CORRESP 1 filename1.htm TGN RESPONSE 5 2013.01.15




January 15, 2013                                        

Via EDGAR


Pamela A. Long, Assistant Director
Securities and Exchange Commission
Division of Corporation Finance
100 F Street, NE
Washington, DC 20549

Re:     Tecogen Inc.
Amendment No.4 to Registration Statement
No. 333-178697

Dear Ms. Long:

The purpose of this letter is to respond to your letter of January 4, 2013 regarding the above registration statement. For your convenience, your original comments appear in bold text, followed by our response. We are concurrently filing Amendment No. 5 to the Form S-1.
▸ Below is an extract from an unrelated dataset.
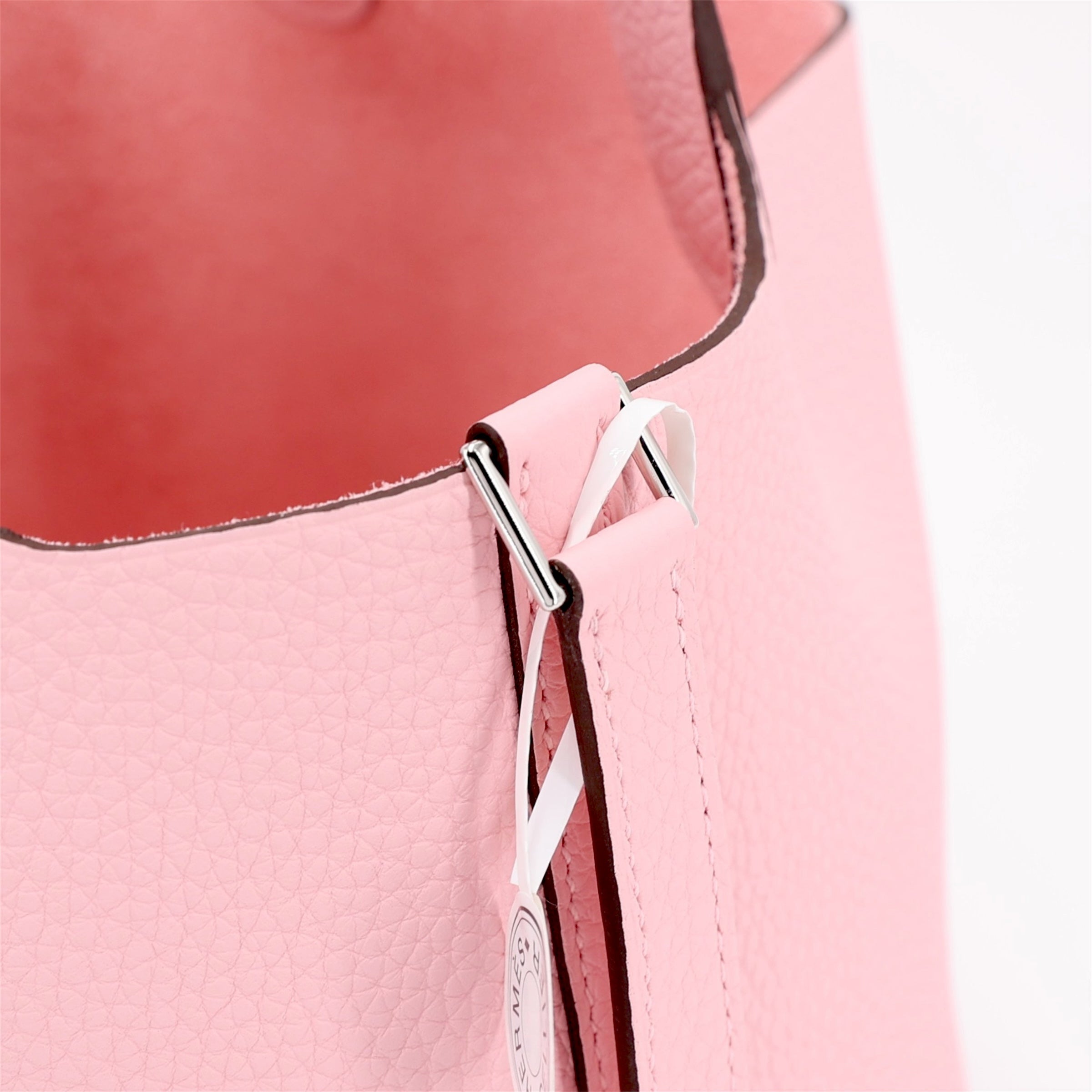 Hermès Picotin Lock 18 Rose Sakura PHW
Management’s Discussion and Analysis of Financial Condition and Results of Operations, page 48

Results of Operations, page 52

1.
We note that your selling expense has increased significantly over the periods presented. In this regard, we also note that as a percentage of revenues, selling expense was 2.6%, 7.1% and 9.5% of revenues for 2010, 2011 and the nine months ended September 30, 2012. Please expand your disclosures to explain reasons for these increases and the nature of the costs included in selling expense.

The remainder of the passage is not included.